Private Data - 私有数据

Note

This topic assumes an understanding of the conceptual material in the

documentation on private data.

Note

这个话题假设你已经理解了在 私有数据的文档 所描述的概念上的资料。

Private data collection definition - 私有数据集合的定义

A collection definition contains one or more collections, each having a policy definition listing the organizations in the collection, as well as properties used to control dissemination of private data at endorsement time and, optionally, whether the data will be purged.

一个集合的定义包含了一个或者多个集合,每个集合具有一个原则定义列出了在集合中的所有组织,还包括用来控制在背书阶段私有数据的传播所使用的属性,另外还有一个可选项来决定数据是否会被删除。

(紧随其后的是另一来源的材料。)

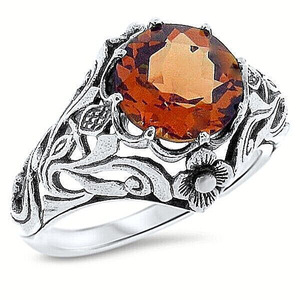 Anello da Cocktail da Donna T0676 con Citrino Naturale Rotondo, Montatura a Griffe, Motivo Floreale, Gioiello alla Moda, Idea Regalo - Product Image 5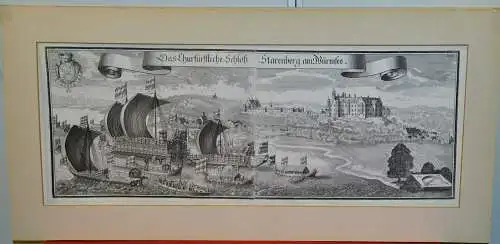 Kupferstich,Das Churfürstliche Schloß Starenberg am Würmsee,schwarz/weiß,19.Jhdt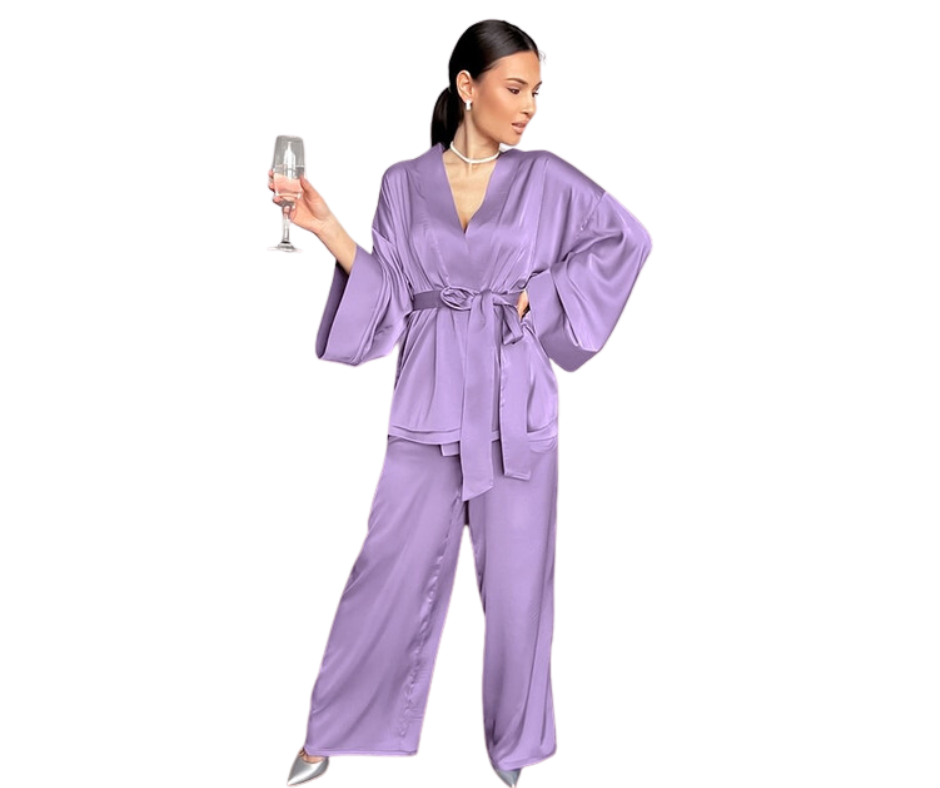2 Piece Set Satin Sleepwear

The collection definition gets deployed to the channel at the time of chaincode instantiation (or upgrade). If using the peer CLI to instantiate the chaincode, the collection definition file is passed to the chaincode instantiation using the --collections-config flag. If using a client SDK, check the SDK documentation for information on providing the collection definition.

这个集合的定义会在 chaincode 实例化(或者升级)的时候被部署到 channel 中。如果使用的是 peer CLI 来初始化 chaincode 的话,会使用 --collections-config 标志来将这个集合定义文件传给 chaincode 的实例化过程。如果使用的是一个客户端 SDK,查看 SDK 文档 来了解更多关于如何提供集合定义的内容。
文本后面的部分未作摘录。